Arrow-right Camera
The Spokesman-Review Newspaper
Spokane, Washington  Est. May 19, 1883

Researcher digs growing beans for home, abroad


Liz Nelson, a technical assistant with the Washington State University  Research and Extension Unit in Vancouver, walks through a field with 34 varieties of beans. Associated Press photos
 (Associated Press photos / The Spokesman-Review)
Dean Baker Columbian

VANCOUVER, Wash. – Washington State University researcher Carol Miles has spent many months over the past five years traveling from Vancouver to Africa, planting, harvesting and cataloging beans.

Her purpose is to help American farmers earn a profit and to help African farmers feed the hungry.

Quietly and steadily, the internationally known vegetable horticulturist has joined her assistant, Liz Nelson, and a changing crew of graduate students to test a new exotic mix of dried beans. In Western Washington and Oregon, the new varieties may produce major profits for small, specialized niche farms.

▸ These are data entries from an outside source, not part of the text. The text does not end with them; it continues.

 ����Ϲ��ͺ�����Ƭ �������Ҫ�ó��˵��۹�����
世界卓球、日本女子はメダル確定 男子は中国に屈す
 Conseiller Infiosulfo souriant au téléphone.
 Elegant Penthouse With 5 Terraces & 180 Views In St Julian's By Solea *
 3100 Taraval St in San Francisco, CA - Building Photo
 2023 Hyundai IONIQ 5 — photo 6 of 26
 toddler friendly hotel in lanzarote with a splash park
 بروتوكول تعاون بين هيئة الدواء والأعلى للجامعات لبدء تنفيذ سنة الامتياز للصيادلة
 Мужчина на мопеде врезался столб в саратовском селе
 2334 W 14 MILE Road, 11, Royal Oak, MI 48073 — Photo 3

For African farmers, Miles and her students have been working to increase seed production of red kidney beans and get them into the hands of farmers where transportation systems are poor.

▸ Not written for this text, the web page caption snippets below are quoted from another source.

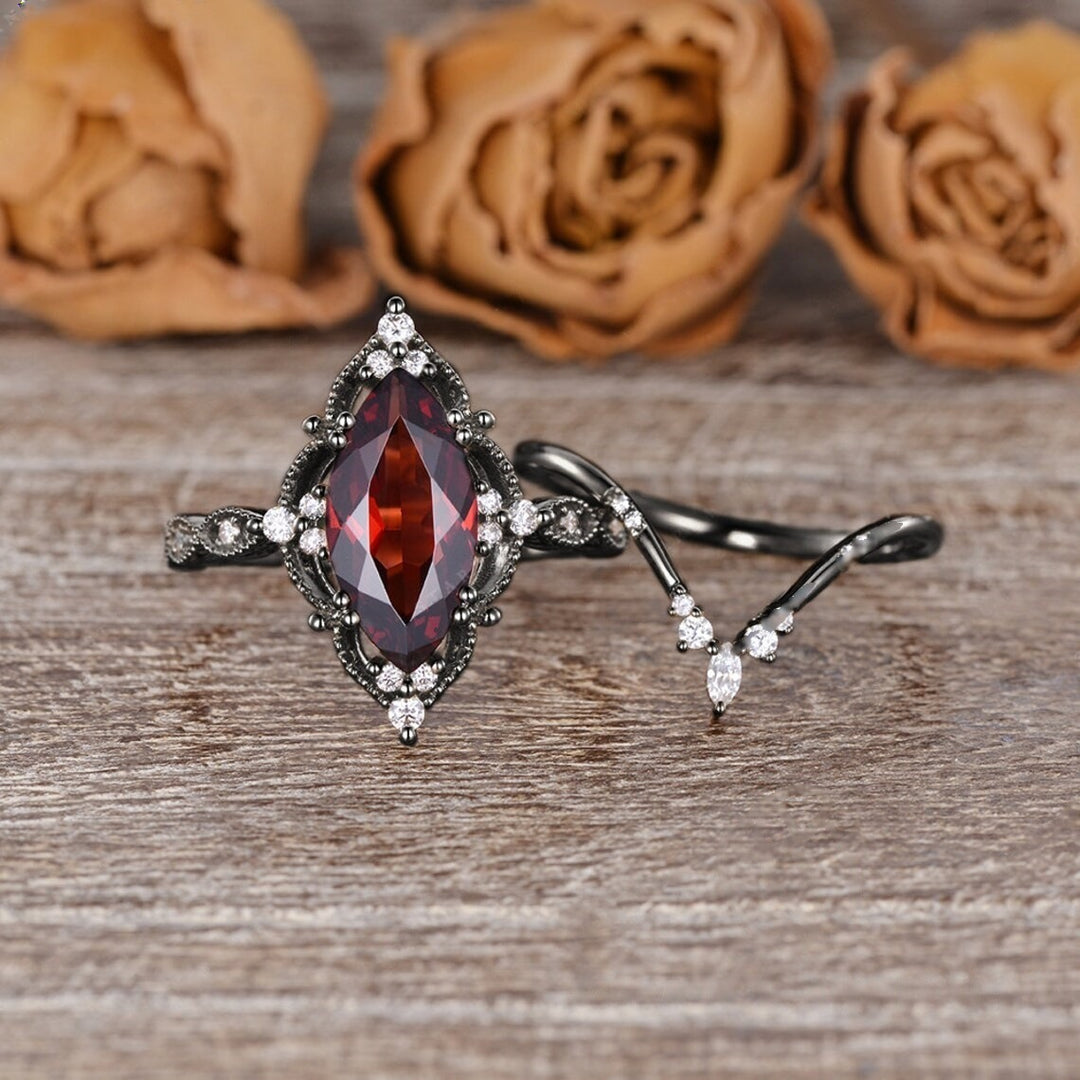 Vintage Gothic Marquise Gemstone Ring (Light Luxury Niche Individual Band)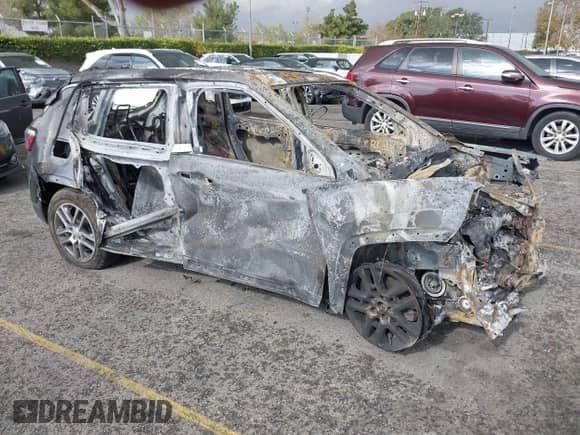 2020 Jeep Compass Latitude z VIN 3C4NJCBB1LT241799, wystawiony jako IAAI lot #40866536 z przebiegiem Nie podano mil oraz . Historia ofert i sprzedaży dostępna na DreamBid. Obrazek 1.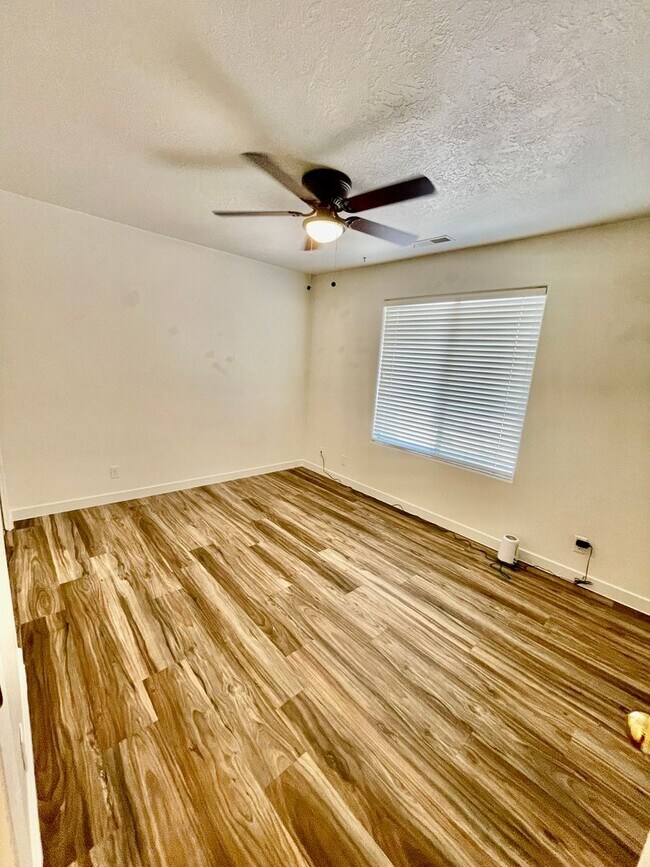 Building Photo - Updated and Pet Friendly Three Bedroom Home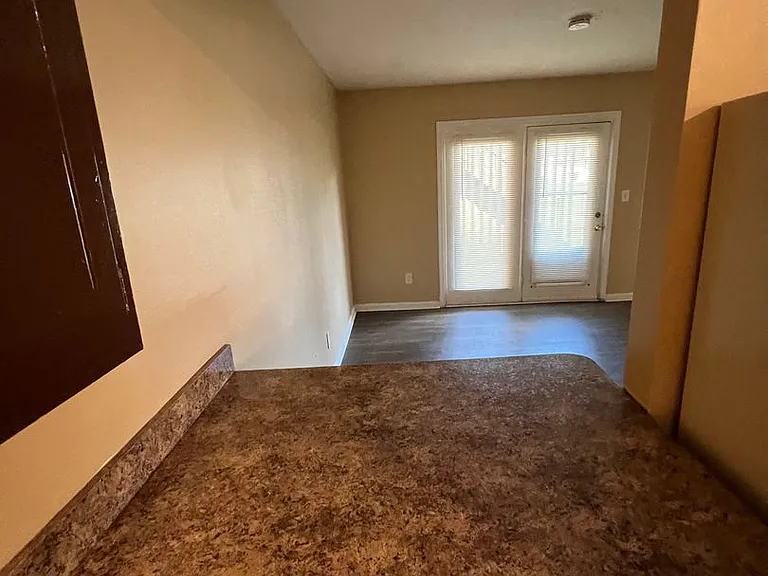 Creekstone Village — Photo 4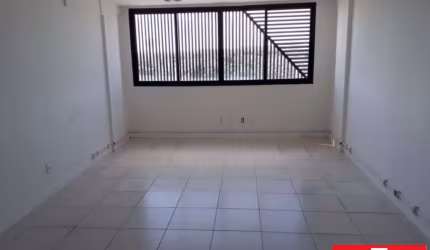 Sala comercial para alugar na Estrada Do Coco, 1, Estrada do Coco, Lauro de Freitas por R$ 1.900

“In Washington, we’ve been using colored and patterned beans,” Miles said before leaving to work in Malawi. “These are beans that are not on the shelf anywhere, beautiful old beans, heirloom, in very pretty colors and patterns, that farmers have been selling from Olympia to Western Oregon, often at several dollars a pound.”

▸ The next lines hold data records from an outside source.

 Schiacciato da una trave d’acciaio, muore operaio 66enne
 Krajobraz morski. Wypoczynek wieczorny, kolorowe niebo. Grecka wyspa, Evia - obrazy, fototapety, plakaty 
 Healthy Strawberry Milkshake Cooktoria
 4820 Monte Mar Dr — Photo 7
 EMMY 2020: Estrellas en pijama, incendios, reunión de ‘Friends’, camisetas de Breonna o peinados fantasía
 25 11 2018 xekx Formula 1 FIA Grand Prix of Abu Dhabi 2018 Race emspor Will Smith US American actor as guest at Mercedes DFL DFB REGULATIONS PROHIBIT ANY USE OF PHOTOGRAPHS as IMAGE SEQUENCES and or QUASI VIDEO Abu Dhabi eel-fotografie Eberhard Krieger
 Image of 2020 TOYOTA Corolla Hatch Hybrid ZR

They’ve been a success, for example, on Laura Masterson’s 47th Avenue Farm in Portland as well as at Ayers Creek Farm in Gaston, Ore. Masterson said she’s been growing and selling Jacob’s Cattle beans and cannellini beans that Miles developed, and has just started growing other varieties of dry beans from Miles’ stock.

“The beans are great. They are definitely profitable for us, a nice little niche option,” said Masterson.

Miles’ work isn’t all beans. She also has been studying a cornstarch-based, biodegradable mulch to replace the common black plastic that lingers for years in landfills.

She’s been growing more than 100 varieties of watermelon. She works with graduate student Jamie Cummings on spinach variety trials. She also has worked to develop hearty Pacific Northwest butternut squash with Molly Jahn, now dean of the University of Wisconsin College of Agricultural and Life Sciences.

But it’s unclear whether any of this research will continue at WSU’s Research and Extension Unit in Vancouver. In the spirit of economizing the state’s agriculture research functions, much of the work is being transferred to other sites.

Miles and entomologist Lynell Tanigoshi, the Vancouver station’s two major researchers, have moved their offices to WSU’s Northwestern Research and Extension Center at Mount Vernon. Researcher Tom Walters, also based at Mount Vernon, continues some blueberry and raspberry experiments in Vancouver.

Miles said she just plans to carry on her work wherever it’s allowed and let Blair Wolfley, southwest district director of WSU Extension in 11 Western Washington counties, talk about the future of the Vancouver site.

Miles, who joined WSU in 1994, also has studied alternative high-value crops including edamame (vegetable soybeans), baby corn, pea shoots, wasabi and bamboo.

Miles’ interest in sustainable agricultural systems seems to have grown naturally out of the pattern of her life.

Born in Rangoon, Burma, she attended grade school in Turkey, Nigeria and Panama. She graduated from high school in Afghanistan. She served in the Peace Corps, teaching vegetable production in Cameroon. There she also worked on a bean and cowpea project studying crop balancing and pest issues.

She also worked on preventing blindness in Malawi with the Helen Keller Foundation and Save the Children. She saw subsistence agriculture in all these places, and her goal became working with farmers to create sustainable production systems that help both the family and the community.